Cammino in un corridoio ampio, luminoso. Con le dita accarezzo la superficie ruvida ed irregolare di un mobile intarsiato. La suola delle vans scricchiola a contatto con il parquet, ed é esattamente quello che voglio. Voglio che mi senta, mentre vado via. Voglio che sappia che non riuscirà a fermarmi. Ho le nocche tagliate, i segni dei pugni scagliati poco prima agli angoli degli armadi in camera mia. Ho ancora l'eco delle urla di mio padre nelle orecchie, contunuano a ripetersi nella mia testa, come una cantilena. Vogliono uccidermi, farmi impazzire.
"Che cosa credi di fare?"
"Sto andando in città."
"E tua sorella? Io? Non avvisi nessuno?"
"No"
"Smettila di fare la strafottente, puttanella." è una donna magra, alta e rinsecchita che mi parla. Mia madre, credo, perchè ha il mio stesso colore di capelli, lo stesso modo di fare. Ma lo sguardo è diverso, lei non ha gli occhi gonfi, lei non ha pianto. Non so perchè non le rispondo, semplicemente mi chiudo la porta alle spalle. La rabbia mi ribolle dentro, stringo i pugni e sento le vene che pulsano in ogni taglio sul mio braccio.
"Felicitée! Fizzy!!" questa è una voce di bambina, chiama me "Aspettamiiiii" strilla.
Vedo una piccola sagoma correre sui ciottoli chiari del vialetto davanti casa. So che conosco questa piccola bimba sorridente, sembra un confetto.
I fronzoli del vestito svolazzano attorno ai suoi boccoli castani mentre si precipita verso di me.
"Hei, piccolina, non urlare" la accolgo tra le mie braccia e la stringo.
"Dove vai?" mi sorride. E' cosi bella, innocente. Felice. Non so davvero come faccia.

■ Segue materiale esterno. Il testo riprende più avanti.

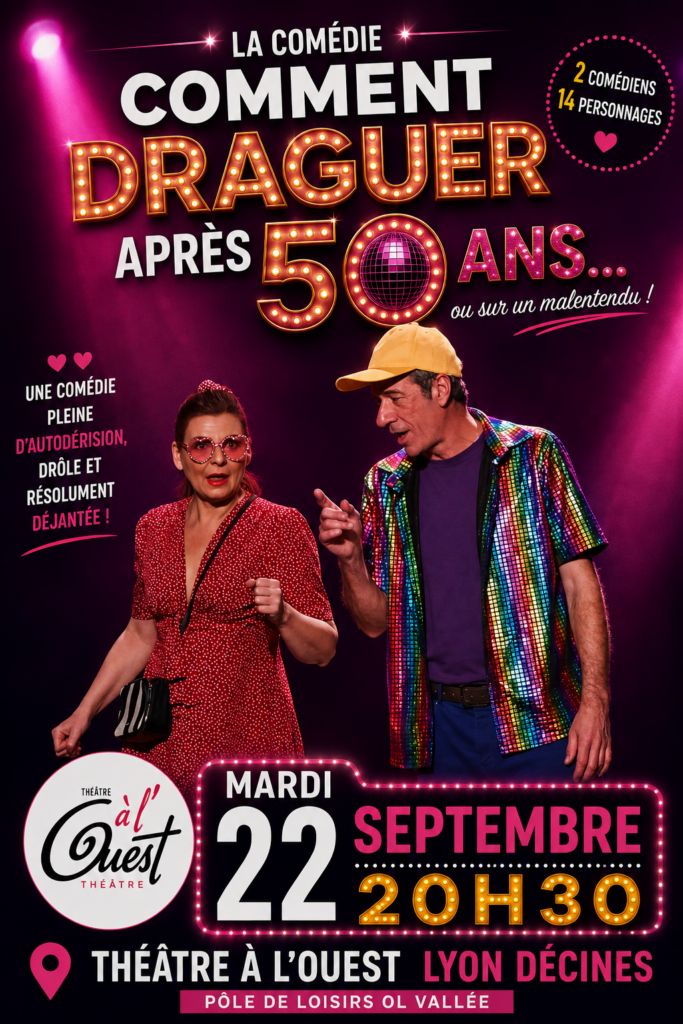 Affiche spectacle humour Lyon TAO le 22 Septembre 2026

"In città a prendere un paio di CD" le rispondo, sollevandola e sistemandola tra le mie braccia.
"Voglio venire con te, io. A casa c'è la mamma che urla!" sprofonda il naso nel cappuccio nero della mia felpa enorme "Non mi piace quando mamma urla."
"Hei...hei, è tutto apposto, poi le passa, tranquilla." so che sto mentendo. A lei e a me stessa.

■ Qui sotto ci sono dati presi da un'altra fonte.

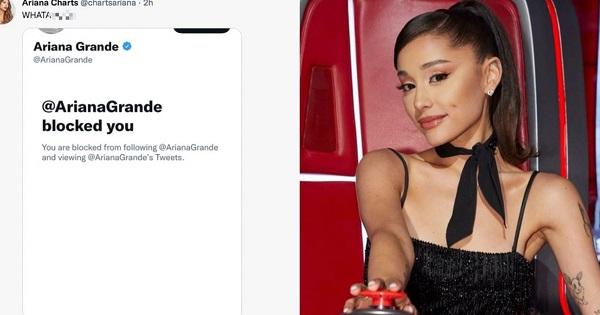 Bị nhóm fan lớn "sửa lưng" tại The Voice, Ariana Grande block thẳng tay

"Torni vero?" domanda la piccola, piantandomi addosso due enormi occhi color del ghiaccio.
"Certo" mento di nuovo, ma questa volta gli occhi pizzicano, diventano lucidi, ma per mascherarli, sorrido. Me ne voglio, andare, questo è chiaro, ma nella parte ancora cosciente della mia mente non so perchè. Deve essere successo qualcosa, qualcosa che questo piccolo batuffolo di volant non sa "Torna in casa, magari convinci la mamma a fare una torta, eh?"

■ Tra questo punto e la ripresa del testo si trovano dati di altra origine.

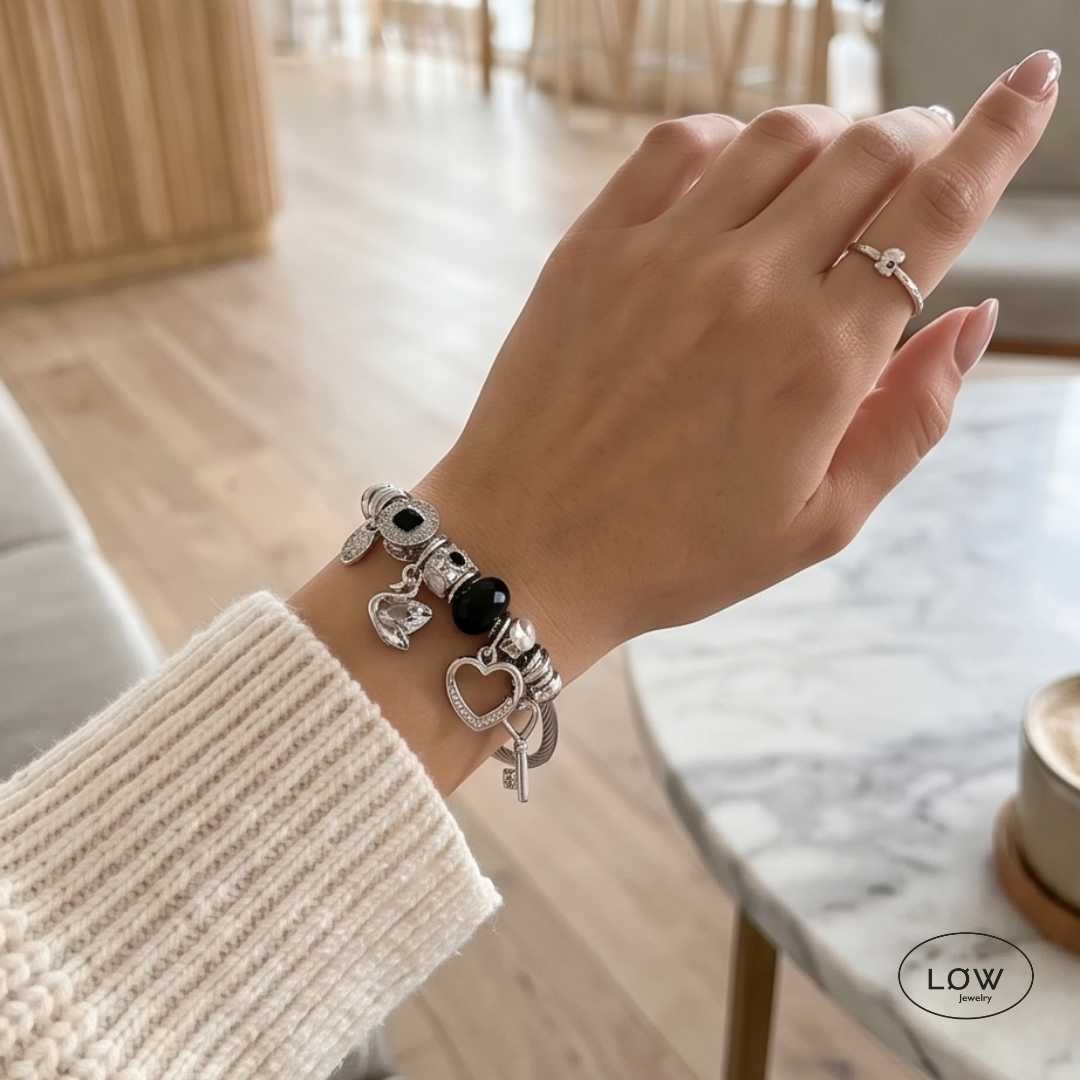 Charms armbånd Romantic Charm Bracelet ferdig fylt charmsarmbånd LØW Jewelry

"Siiiiii" esulta e, scendendo dalle mie braccia, si riavvia saltellando sul vialetto di casa. So che non la rivedrò mai più.
***
Mi sveglio accaldata, il sudore freddo che mi imperla la fronte e sgocciola sul cuscino. Che cosa era? Sono stordita, non ci vedo bene, gli occhi mi fanno male, bruciano. Ed ho la gola secca, come se avessi appena urlato a pieni polmoni. Cerco di calmarmi, di riprendere a respirare regolarmente mentre la marea di pensieri, ricordi, sensazioni torna a riversarsi su di me come una doccia fredda. Sarà notte fonda. O pieno giorno. Non ne ho idea, sono giorni che non esco dalla mia camera. Da quando hanno trovato Lei. Con una corda al collo. E' stato orribile.
Riappoggio con delicatezza la testa sul guanciale, attenta a non aumentare le pulsazioni che mi martellano le tempie, e chiudo gli occhi, sperando in un buio riappacificatore, che non arriva. Appena le palpebre si chiudono la mia mente mi sbatte davanti l'immagine della ragazza che avevo conosciuto così poco tempo prima, gli occhi vitrei, spalancati innaturalmente su un mondo che non può più vedere. La sua testa gira attorno al cappio, il suo corpo bianco che dondola nel vuoto. Continua a tornarmi alla mente, continua a ripresentarsi, il mio incubo più frequente, la mia paura più grande, la mia mancanza più presente.